Il renvoie à sa pièce 3, attestation de M. [X] [C], carrossier et délégué syndical qui explique avoir assisté à l’entretien préalable, et précise que M. [X] [H] a réfuté avoir fait une clé de bras à sa collègue.
Cette pièce contredit la pièce précitée 4 de la société [1], qui au surplus est établie par l’employeur, signataire de la lettre de convocation à l’entretien préalable et de la lettre de licenciement.
La seule attestation de la plaignante n’est dès lors pas suffisante pour démontrer le fait dénoncé, en ce qu’elle n’est pas corroborée par un élément extérieur aux parties en cause, alors que les faits sont réputés avoir eu lieu à l’occasion d’une réunion, impliquant par définition la présence de tierces personnes, possibles témoins.
Au vu de ces éléments, le grief n’est pas établi.
Au terme de ce qui précède, seul le grief de propos injurieux le 17 mars 2023 est établi.
Celui-ci justifiant la rupture du contrat de travail, le jugement sera confirmé en ce qu’il a dit que le licenciement reposait sur une cause réelle et sérieuse, et a débouté M. [X] [H] de ses demandes indemnitaires relatives au licenciement.
Sur la demande au titre de l’obligation de sécurité
M. [X] [H] explique qu’à l’occasion de ses entretiens de performance, il a pu dénoncer le stress qui était imposé aux salariés, lié à la cadence de travail.
Il indique que face à la dégradation des conditions de travail, la société [1] a été destinataire d’un droit d’alerte émis par le syndicat [6], compte tenu du stress quotidien subi par les salariés lié au manque de personnel.
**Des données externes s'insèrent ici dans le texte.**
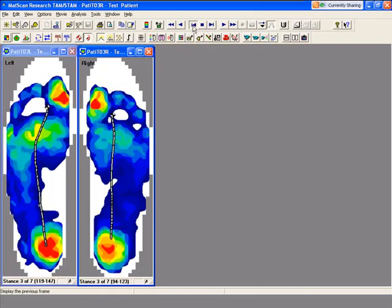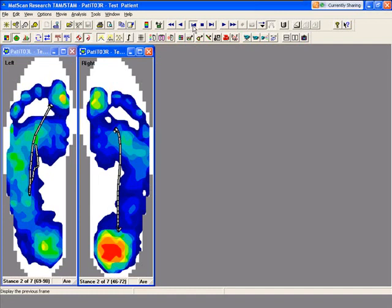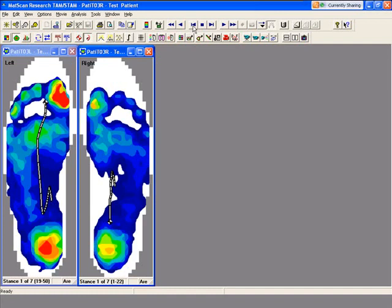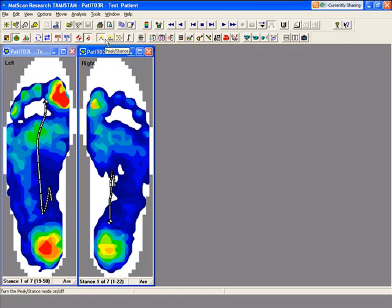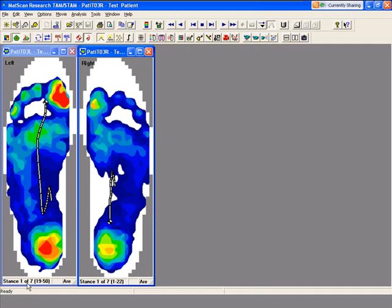The next icon is called peak stance averaging. When the subject's in peak mode, each foot strike is shown as a stance. Right here is stance 1 of 7. On the left foot we took seven foot strikes, same thing on the right foot, stances 1 through 7.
La société [1] explique que les retards, liés à la période de l’épidémie de Covid, qui ont dû être rattrapés, la pénurie de composants électronique et le lancement d’un nouveau véhicule, ont pu entraîner une charge de travail importante pour le département logistique.
Elle indique que face à cette situation elle a mis en place des plans d’action qui ont été présentés au CSE dès les mois de mars et avril 2023.
Elle précise que les départs de salariés du secteur logistique ont été compensés par des embauches en CDI ou en sous-traitance.
L’intimée ajoute que M. [X] [H] ne justifie pas de la réalité d’un stress ayant eu un impact sur sa santé, ni de la réalité et de l’étendue de son préjudice.
Motivation
La mise en jeu de la responsabilité suppose un manquement à une obligation, un préjudice, et un lien de causalité entre ce manquement et ce préjudice.
En l’espèce, M. [X] [H] ni n’explicite ni n’établit de préjudice au soutien de sa demande.
Il en sera en conséquence débouté.
Sur les dépens et les frais irrépétibles
Succombant à l’instance, M. [X] [H] sera condamné aux dépens.
Les parties seront déboutées de leurs demandes respectives fondées sur l’article 700 du code de procédure civile.
PAR CES MOTIFS
La Cour, chambre sociale, statuant par arrêt contradictoire mis à disposition au greffe, après débats en audience publique et après en avoir délibéré,
Confirme le jugement rendu par le conseil de prud’hommes de Longwy le 02 janvier 2025 en toutes ses dispositions ;
Y ajoutant,
Déboute les parties de leurs demandes fondées sur l’article 700 du code de procédure civile ;
Condamne M. [X] [H] aux dépens d’appel.
Ainsi prononcé par mise à disposition de l’arrêt au greffe de la cour, les parties en ayant été préalablement avisées dans les conditions prévues au deuxième alinéa de l’article 450 du code de procédure civile.
Et signé par Monsieur Raphaël WEISSMANN, Président de Chambre, et par Madame Laurène RIVORY, Greffier.